When fiction becomes fact

It must be nearly seven years now since I invented Julie and wrote my first book, The Art of Killing.

I’d always wanted to write, but one of the major difficulties with writing is getting started.  Finding a suitable beginning or catalyst for the whole story is one of the main challenges.  Somehow I had to kickstart Julie so she could take on her new role as an amateur investigator.  Eventually I hit upon the idea of her feeling bereft after her twins went away to university, and, to take her mind off things, she needed a new direction in life, or, in Julie’s terms, a paid job for the first time in years. But, while I could sympathise with Julie’s feelings of uselessness and rejection, this wasn’t something I’d actually experienced myself as my own daughter was still in her early years of secondary school.

The twins’ choice of university was entirely arbitrary, and Alice went to Nottingham while Mike went to Edinburgh.  Maybe I thought Julie’s sense of loss would be even greater because of the distance involved – after all, Julie lives in London, as I do, and Edinburgh is some four hundred miles away in another country, and just about (although not quite) as far away as it’s possible to go to university from London.

About a year ago we took my daughter on a tour of universities so she could decide which one suited her best. She liked York: it had the obligatory Fudge Kitchen and the city was interesting and in striking distance of the campus.  Her enthusiasm waned visibly (and audibly) when she saw Durham – no Fudge Kitchen and a small town centre, which was just too tame.  “It’s nice,” she said in deference to my feelings (I’m a Durham graduate), “but it’s not for me.”

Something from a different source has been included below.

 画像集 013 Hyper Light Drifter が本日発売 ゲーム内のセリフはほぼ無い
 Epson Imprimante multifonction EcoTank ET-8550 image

Then we hit Edinburgh and her eyes lit up.  Edinburgh had everything: a Fudge Kitchen, a lively town centre, and the right university course.  She hadn’t even read The Art of Killing at this stage, so I can’t accuse her of copying Mike: it’s just pure coincidence, and last weekend we took her up there to embark on her university life.

Yesterday I was back home again and feeling just like Julie.  Of course I want my daughter to do the course that’s right for her, and it’s a natural progession to move away from home.  Edinburgh is only four hours away by train, so I can always pop up there, assuming she wants to see me.  But that doesn’t change the emptiness and feeling of job done.  My role in her life has been diminished and there’s a gap to fill.  Fortunately I’m not quite in the same situation as Julie because I consider that I have a full time job writing books and I now have plenty of time to crack on with my next murder mystery – actually, I’ve got two planned – and I’ve also got a round of social activities.  But it’s the little things which will catch me out – remembering to set the table for two, not three, in the evenings – and I’ve lost my favourite riding buddy.

But there’s also another extremely worrying aspect to all this.  As some one said the other day, once a person gets to Edinburgh, they tend to stay there well after their university career has ended.  And, I have to say, this is certainly true of Julie’s son Mike, so this could be something else I’ll have to face up to in four years’ time!

In the meantime, however, of course I’m delighted that my daughter is able to go to the university of her choice and I’m sure she will have a very happy and fulfilling time there.  Good luck Susanna!